Die Situation spitzte sich weiter zu. Ein Schießlehrer sagte etwa, dass wir schießen lernen sollten, da mehr Geflüchtete nach Deutschland kommen. Angst um meine körperliche Gesundheit hatte ich nicht. Trotzdem war die Situation nicht angenehm. Nach neun Monaten solcher oder ähnlicher Aussagen brach ich die Ausbildung zum Polizeibeamten ab.

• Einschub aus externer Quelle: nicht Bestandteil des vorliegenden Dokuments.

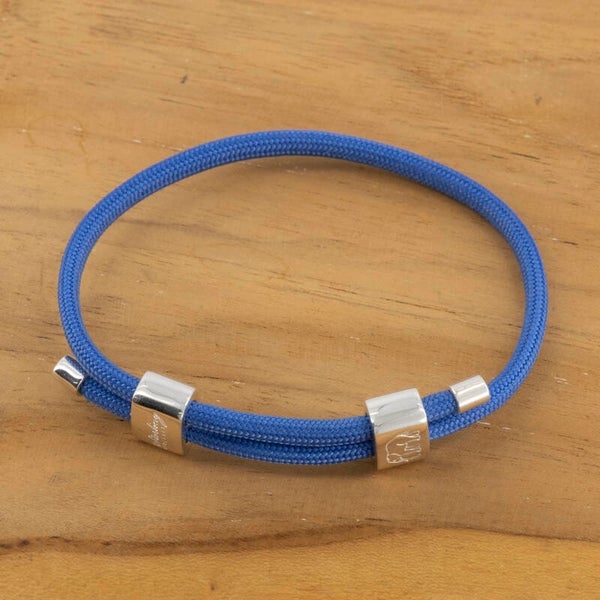 Touw zilver band KLM blauw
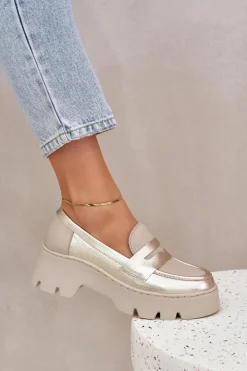 Skórzane Mokasyny Damskie Na Platformie I Płaskim Obcasie Zazoo 20191 Złote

Viel machen konnte ich ohnehin nicht. In der Polizei gab es keine Anlaufstelle, an die ich mich hätte wenden können. Für anonyme Beschwerden gab und gibt es nach wie vor keine Möglichkeit. Ich hätte also Kollegen in meinem Namen melden müssen. Wenn es da zu einem Disziplinarverfahren gekommen wäre, wäre es für mich noch ungemütlicher als ohnehin schon geworden.
Hätte es damals eine anonyme Beschwerdestelle gegeben, wäre ich geblieben. Immerhin hätte ich damit nicht mich oder auch eine mögliche Karriere gefährdet. Trotzdem bereue ich es nicht, gegangen zu sein. Jetzt, wo immer mehr Rassismusfälle der Polizei an die Öffentlichkeit kommen, ist es für mich viel einfacher, von außen darauf einzuwirken – etwa mit Interviews. Ich hoffe, dass sich wegen des Drucks, den ich ausübe, etwas in der Polizei ändert. Na ja, das ist bislang aber eher weniger der Fall. Sieht man doch aktuell.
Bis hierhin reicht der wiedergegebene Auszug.